Massive infrastructure projects are inherently political, opening up as they do room for accusations of corruption.

China’s Belt and Road (OBOR) initiative is a grand scheme which is touted as being the biggest single global infrastructure project to have been undertaken since the Marshall Plan which rebuilt decimated Europe after the Second World War.

But it strikes me that the biggest unintended consequence of the scheme is going to be the rise of political risk in the developing countries which lie on the  OBOR route.

Public agencies and private insurance companies have experienced a boom in underwriting political risk over the past four decades of accelerating globalisation, and are likely to see the premiums they pull in for assuming that risk rise as a direct result of the strain imposed on emerging economies which are signing up to the OBOR scheme.

That might be to state the least of it as OBOR reaches into the entrails of the body politic in the poorer countries which are embracing the plan in the hope that the economic kicker it promises is actually delivered.

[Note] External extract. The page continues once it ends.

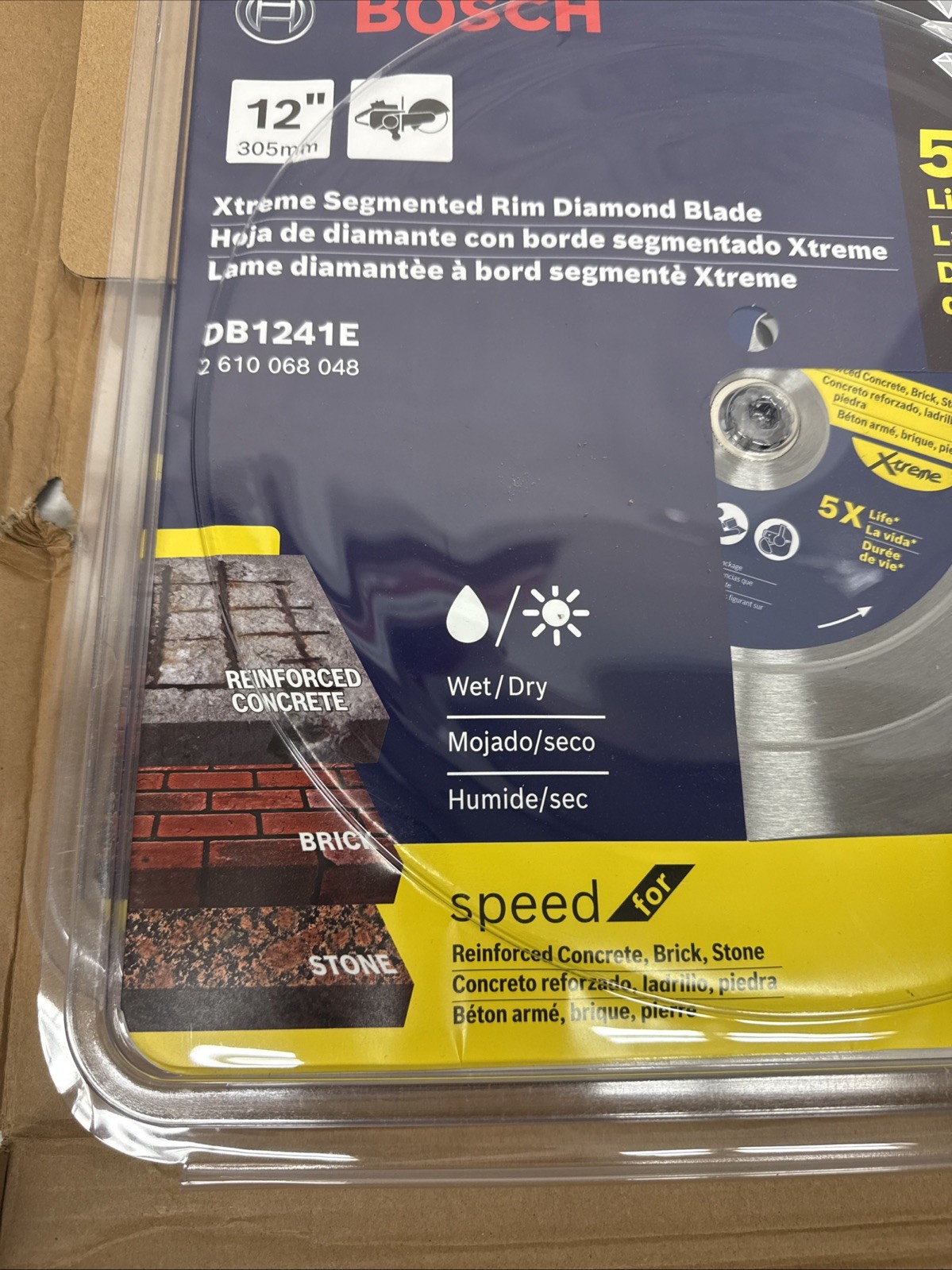 BOSCH DB1241E 12 in. Xtreme Segmented Rim Diamond Blade w/ 5/8 in. 7/8 in Arbor gallery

Massive infrastructure projects are inherently political, opening up as they do room for accusations of corruption and the saddling of nations with long-term debt which can crimp growth for future generations and potentially cripple local lenders.

One needs to look no further for evidence of this than in Malaysia, where the OBOR-linked East Coast Rail Link which was supposed to connect the East Coast of the country with Kuala Lumpur and Thailand was put on ice in early July, having run over initial cost projections.

A change of administration in the country following the shock defeat of the incumbent UMNO in the May general election might have prompted the cancellation of the project, but it neatly demonstrates the political deus ex machina at the heart of OBOR.

Similarly, Pakistan is faced with straddling the fiscal and political turpitude which seems inherent in OBOR.

The country, under newly elected president Imran Khan, is facing the prospect of being unable to pay tens of billions of US dollars of OBOR-linked loans owed to Chinese state-owned banks, granted at commercial lending rates and on terms which in many cases guarantee returns of as much as 30% on projects in the power generation sector.

An IMF bailout for Pakistan looms, or, as seems more likely, China will step up with the funds necessary to avoid a balance of payments crisis.

Likewise in Sri Lanka, the OBOR political risk spectre was instrumental in unseating a government which was forced to relinquish the Chinese-constructed port of Hambantota having failed to stump up the cash to service the loans granted by China to fund the project.

Frontier markets which sign up to OBOR are facing project construction costs which run up to around half of annual GDP - as a railway linking Laos with China which began construction in 2016 is facing down - a ludicrous ask and one that is inherently politically destabilising.

Perhaps the message is to get into the political risk insurance business in the markets of the weakest economies on the OBOR route. I can only imagine that the underwriting premiums will continue to ramp up as more projects are initiated under the scheme and more and more governments brought down by it.